WSJ Hit Piece on Gore Movie Relies on Grievously Flawed Study

In today’s Wall Street Journal, prominent climate skeptic Richard Lindzen tries to make the case that “There Is No ‘Consensus’ On Global Warming.” Most of the article is, typically, invective against Al Gore and his movie, An Inconvenient Truth.

Lindzen does acknowledge that thousands of scientists from 120 countries have agreed, through the extraordinarily rigorous International Panel on Climate Change (IPCC) process, that human activity is driving global warming. He also acknowledges that this consensus was recently confirmed by a report prepared for Congress by the National Academy of Scientists.

Here is Lindzen’s only substantive response:

More recently, a study in the journal Science by the social scientist Nancy [sic — Naomi] Oreskes claimed that a search of the ISI Web of Knowledge Database for the years 1993 to 2003 under the key words “global climate change” produced 928 articles, all of whose abstracts supported what she referred to as the consensus view. A British social scientist, Benny Peiser, checked her procedure and found that only 913 of the 928 articles had abstracts at all, and that only 13 of the remaining 913 explicitly endorsed the so-called consensus view. Several actually opposed it.

Peiser’s work – and Lindzen’s reliance on it — is an embarrassment. Here’s why:

1. Peizer misunderstands the point of Oreskes study. The point was not that every article about climate change explicitly endorsed the IPCC conclusions. The point is that if there was real uncertainty there would be “substantive disagreement in the scientific community” that would be reflected in peer reviewed literature. There wasn’t.

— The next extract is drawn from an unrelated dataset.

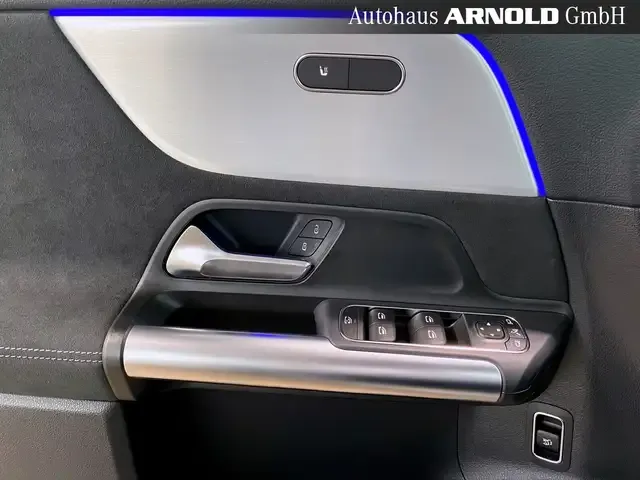 Mercedes-Benz GLA 180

2. Peiser didn’t find any peer reviewed studies that oppose the scientific consensus. Peiser claimed that 34 papers “reject or doubt” the consensus view. Tim Lambert got Peiser to send him the abstracts of those 34 papers. The vast majority of these papers express no doubt whatsoever about the consensus view. Only one paper, by the Association of Petroleum Geologists, cited by Peiser actually rejects the consensus view and it “does not appear to have been peer reviewed outside that Association.”

Peiser has admitted that his work included errors. But ultimately, it doesn’t make a difference. The point of activity like this isn’t to be right, it’s simply to provide fodder to people like Lindzen to create the appearance of uncertainty.


The best way to win an argument is to ignore the argument and make up your own rules. This happens time and again in politics. Don't like a tax that applies to only multimillionaires, and affects less than 1% of the population? Call it a "death tax" and act like it applies to struggling farms and orphan children. Don't like government limits on pollution and industry in general? Claim that the overwhelming, almost unanimous scientific peer-reviewed opnion on global warming's causes is just half of a non-existent large debate, and that no decisions should be made at all.

The world is so frustrating. Why are people so evil?